*What needs to be done*:
Repeat, please, exactly the lines from the one that has "李令君登君山二首中文徵明的寫法" through the end of the records below, with pictures dropped.
◇ ◇ ◇ ◇
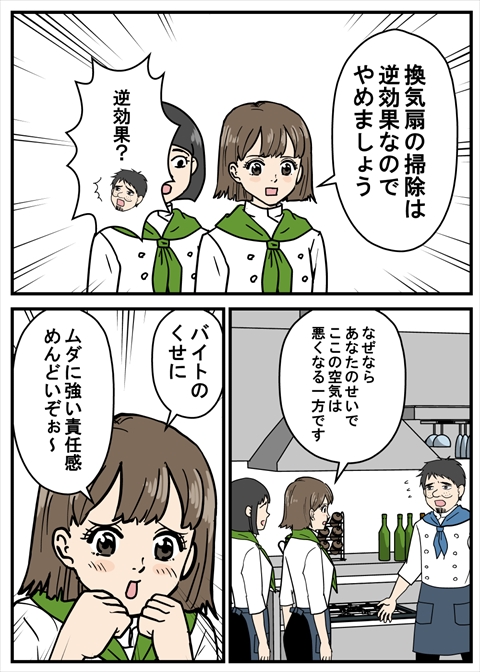 正義のミカたん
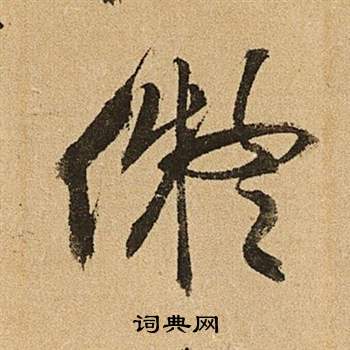 李令君登君山二首中文徵明的寫法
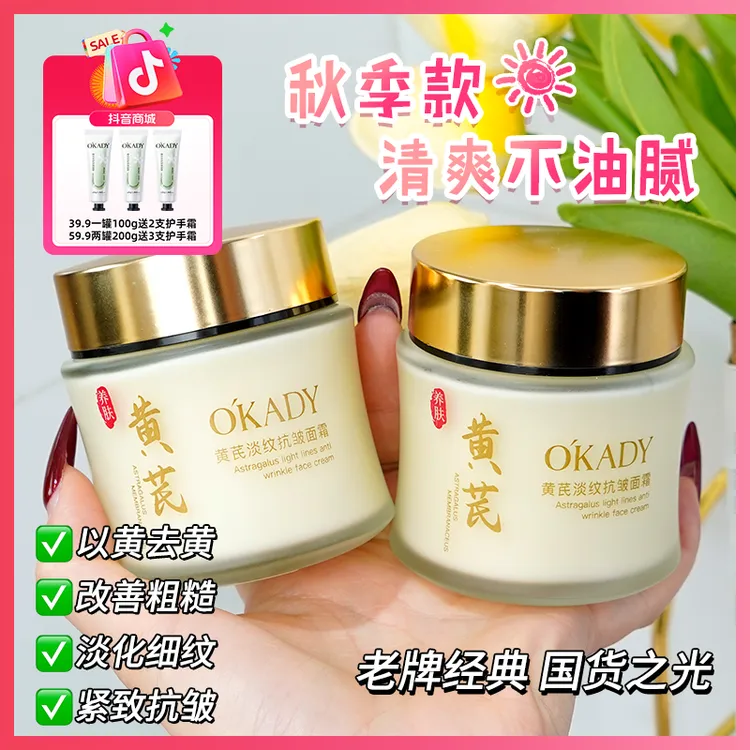 【官方保真100g/瓶送护手霜/面膜】欧佩黄芪霜淡纹暗黄男女面霜Q商品图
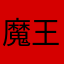 魔王乱世123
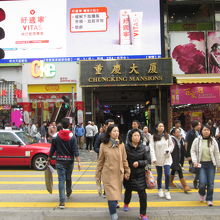 チョンキン マンション (重慶大廈店) 　（Chungkin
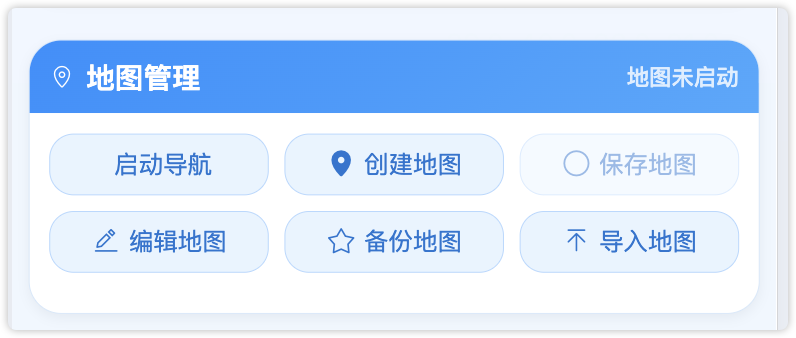 话筒与喇叭控制示意图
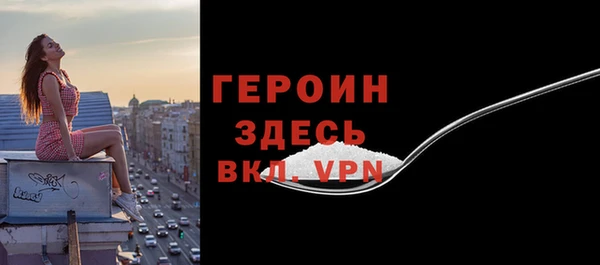 MDMA Premium VHQ Няндома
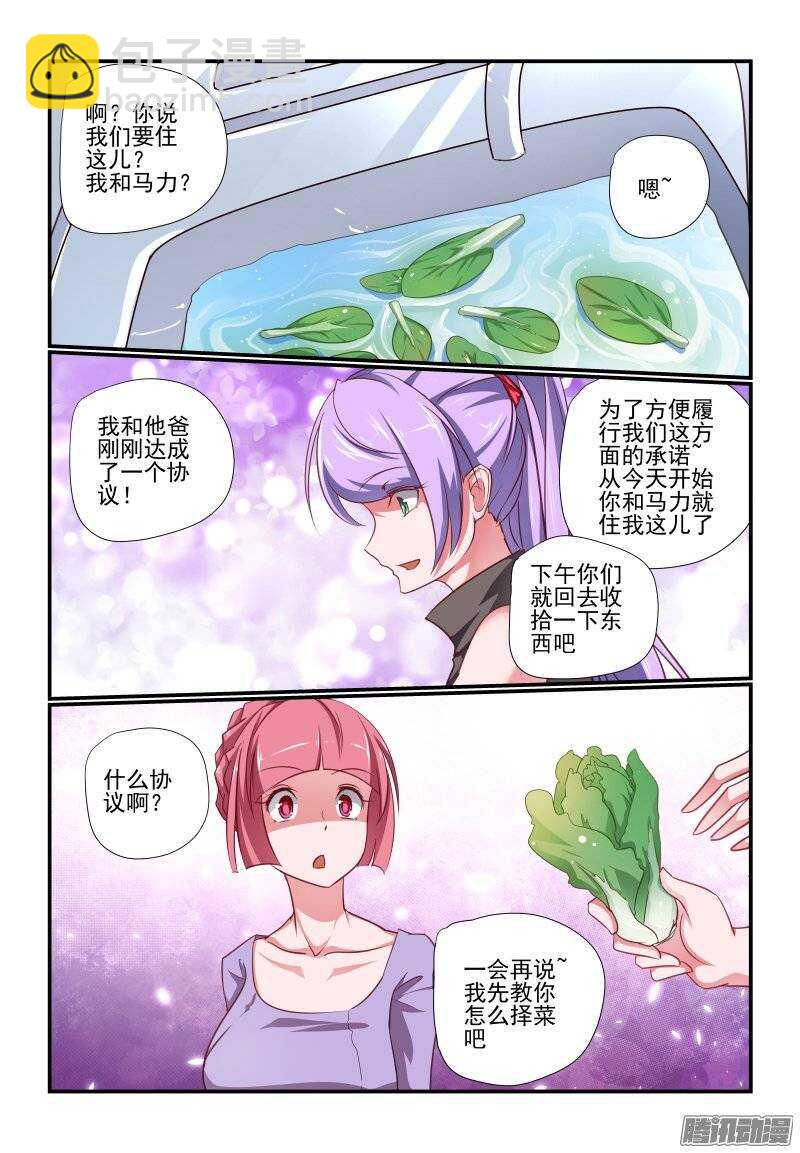 《今天开始做女神》195 妹妹 第3页
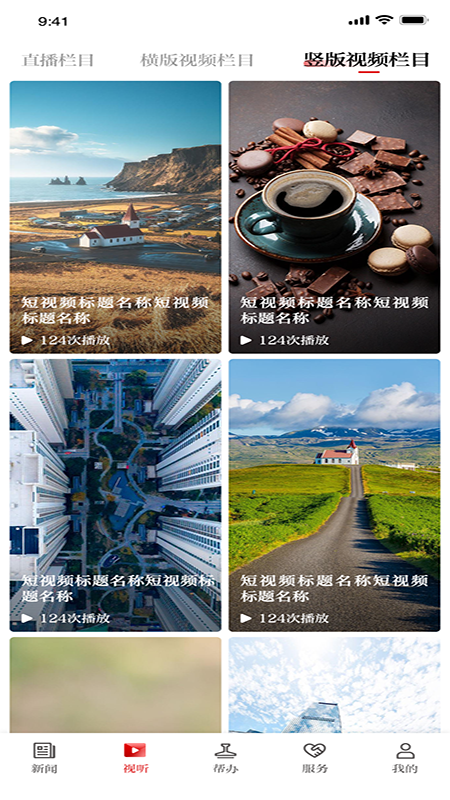 锡盟融媒app截图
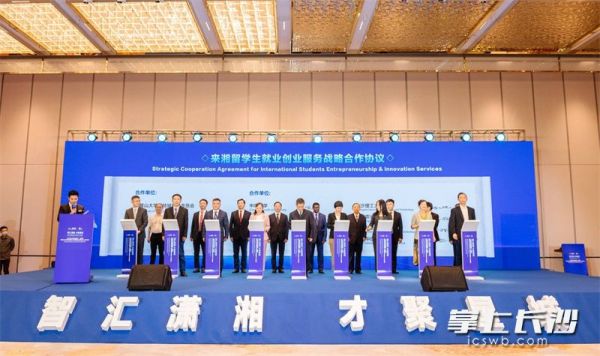“一帶一路”沿線國家留學生：長沙蘊藏著豐富的機遇(圖1)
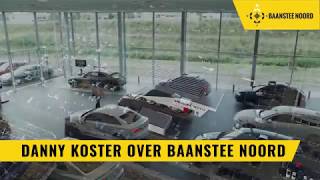 Video Heron - Danny Koster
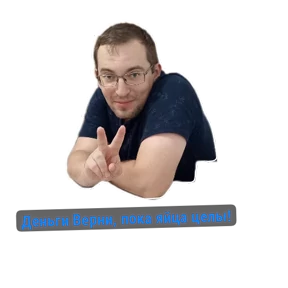 ПАО — стикер для MAX
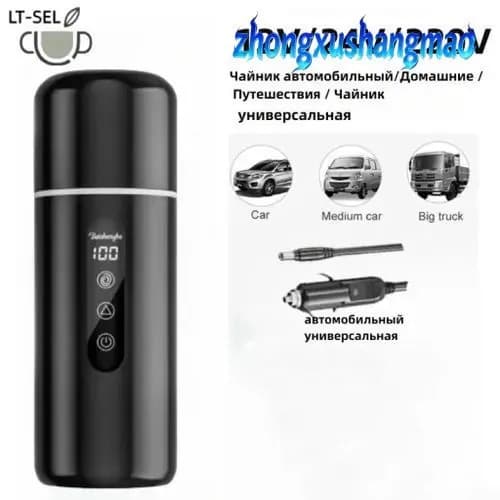 Электрический чайник mzm-20260328234205592, черный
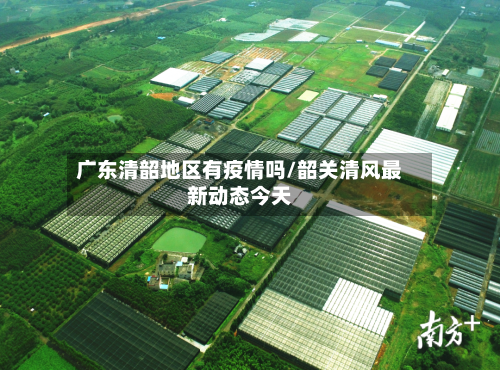 广东清韶地区有疫情吗/韶关清风最新动态今天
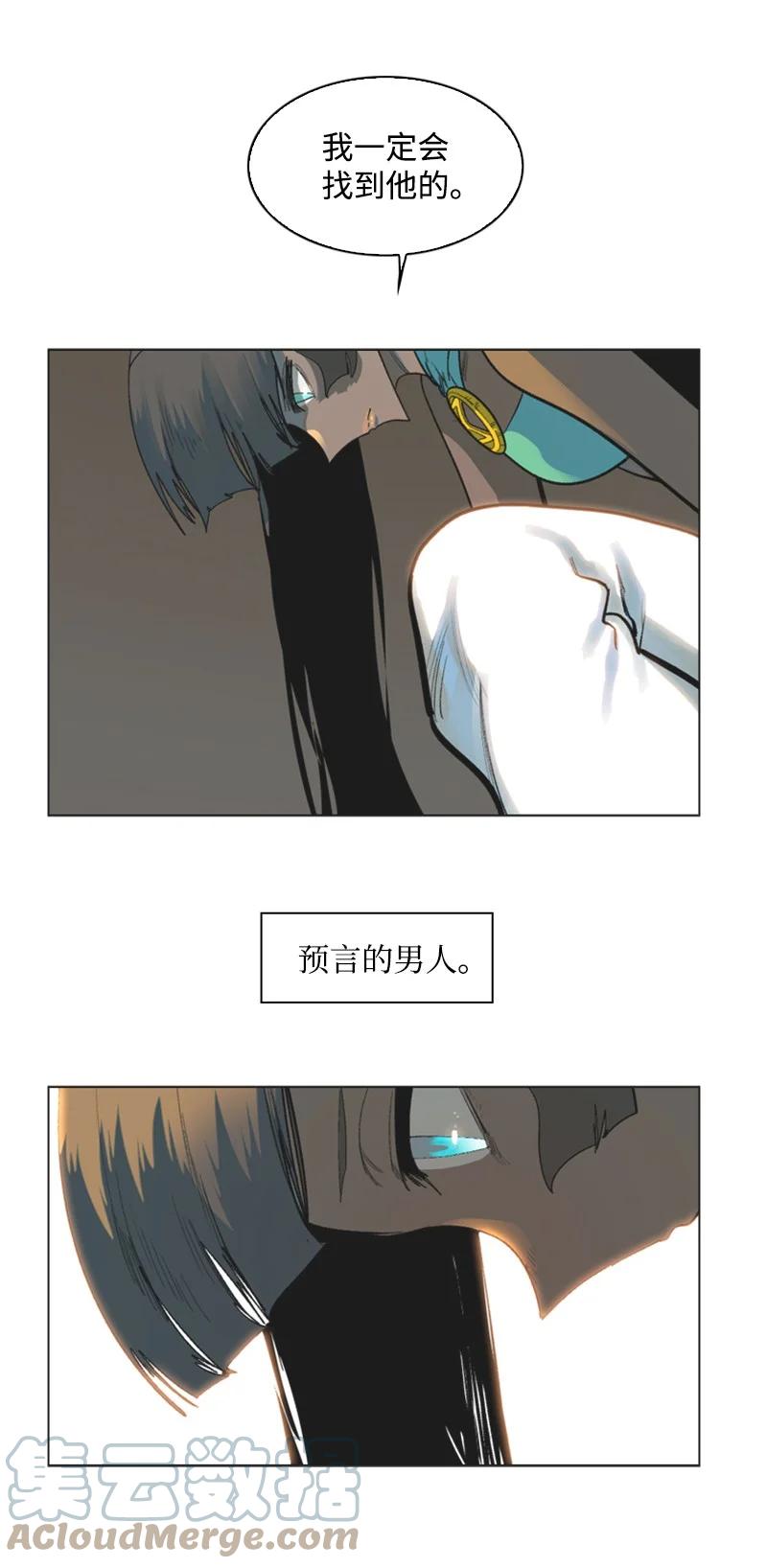 77 南部马德诺73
◇ ◇ ◇ ◇
*Finished task*:
 李令君登君山二首中文徵明的寫法
 【官方保真100g/瓶送护手霜/面膜】欧佩黄芪霜淡纹暗黄男女面霜Q商品图
 魔王乱世123
 チョンキン マンション (重慶大廈店) 　（Chungkin
 话筒与喇叭控制示意图
 MDMA Premium VHQ Няндома
 《今天开始做女神》195 妹妹 第3页
 锡盟融媒app截图
“一帶一路”沿線國家留學生：長沙蘊藏著豐富的機遇(圖1)
 Video Heron - Danny Koster
 ПАО — стикер для MAX
 Электрический чайник mzm-20260328234205592, черный
 广东清韶地区有疫情吗/韶关清风最新动态今天
 77 南部马德诺73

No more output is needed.